⟨
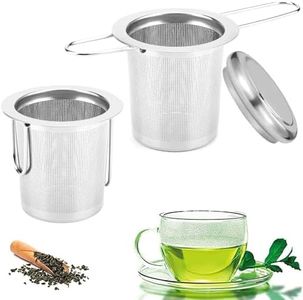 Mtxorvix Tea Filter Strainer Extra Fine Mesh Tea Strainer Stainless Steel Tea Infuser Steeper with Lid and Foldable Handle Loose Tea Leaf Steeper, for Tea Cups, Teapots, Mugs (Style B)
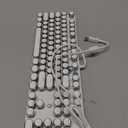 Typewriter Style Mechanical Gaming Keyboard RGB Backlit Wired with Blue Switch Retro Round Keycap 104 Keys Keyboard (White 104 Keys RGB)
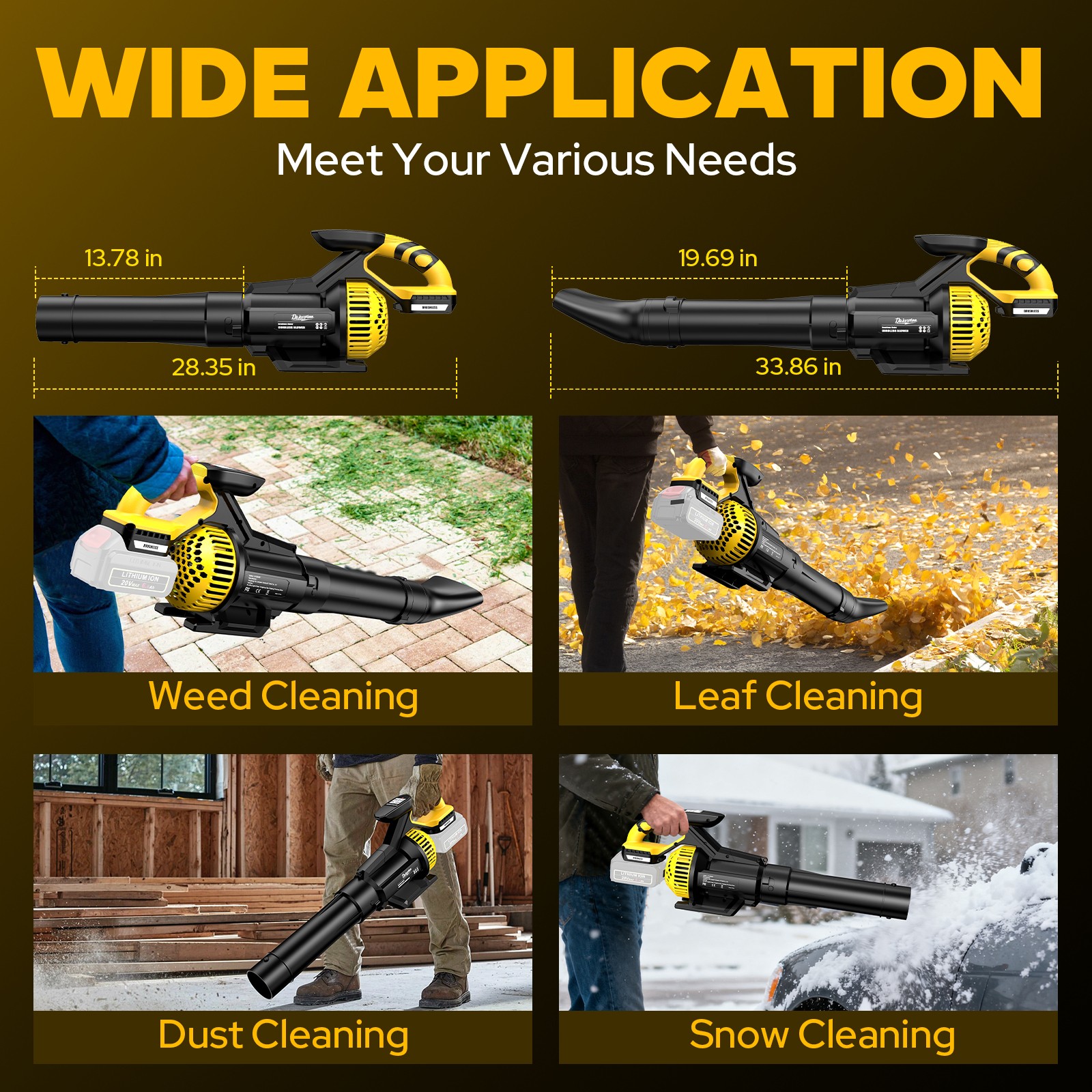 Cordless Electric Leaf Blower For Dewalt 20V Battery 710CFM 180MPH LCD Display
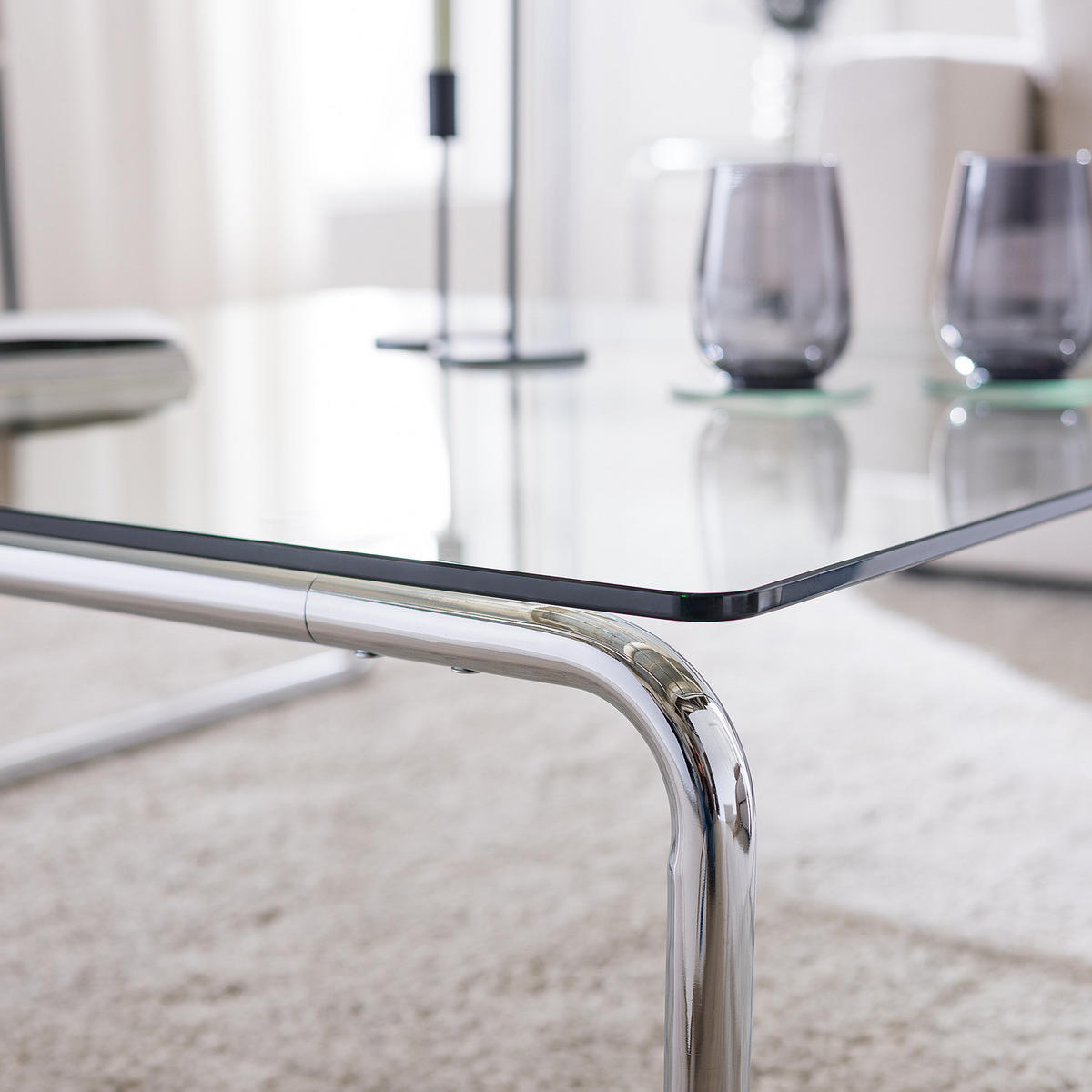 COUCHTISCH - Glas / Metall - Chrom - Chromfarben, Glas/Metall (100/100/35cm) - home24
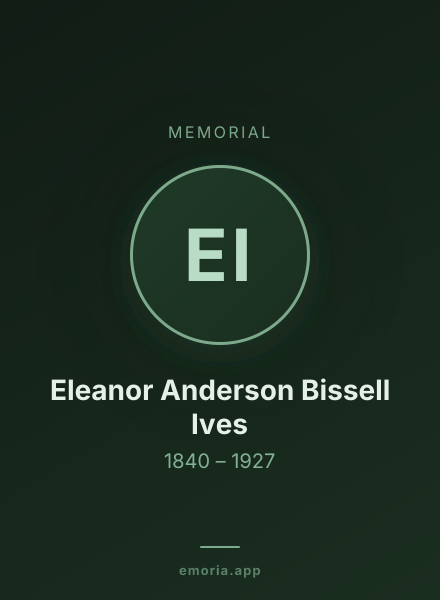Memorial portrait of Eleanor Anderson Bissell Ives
⟩
▶ [What needs to be done]
The records are to be returned word for word, without any of their pictures.

▶ [Solution to the problem]
 Mtxorvix Tea Filter Strainer Extra Fine Mesh Tea Strainer Stainless Steel Tea Infuser Steeper with Lid and Foldable Handle Loose Tea Leaf Steeper, for Tea Cups, Teapots, Mugs (Style B)
 Typewriter Style Mechanical Gaming Keyboard RGB Backlit Wired with Blue Switch Retro Round Keycap 104 Keys Keyboard (White 104 Keys RGB)
 Cordless Electric Leaf Blower For Dewalt 20V Battery 710CFM 180MPH LCD Display
 COUCHTISCH - Glas / Metall - Chrom - Chromfarben, Glas/Metall (100/100/35cm) - home24
Memorial portrait of Eleanor Anderson Bissell Ives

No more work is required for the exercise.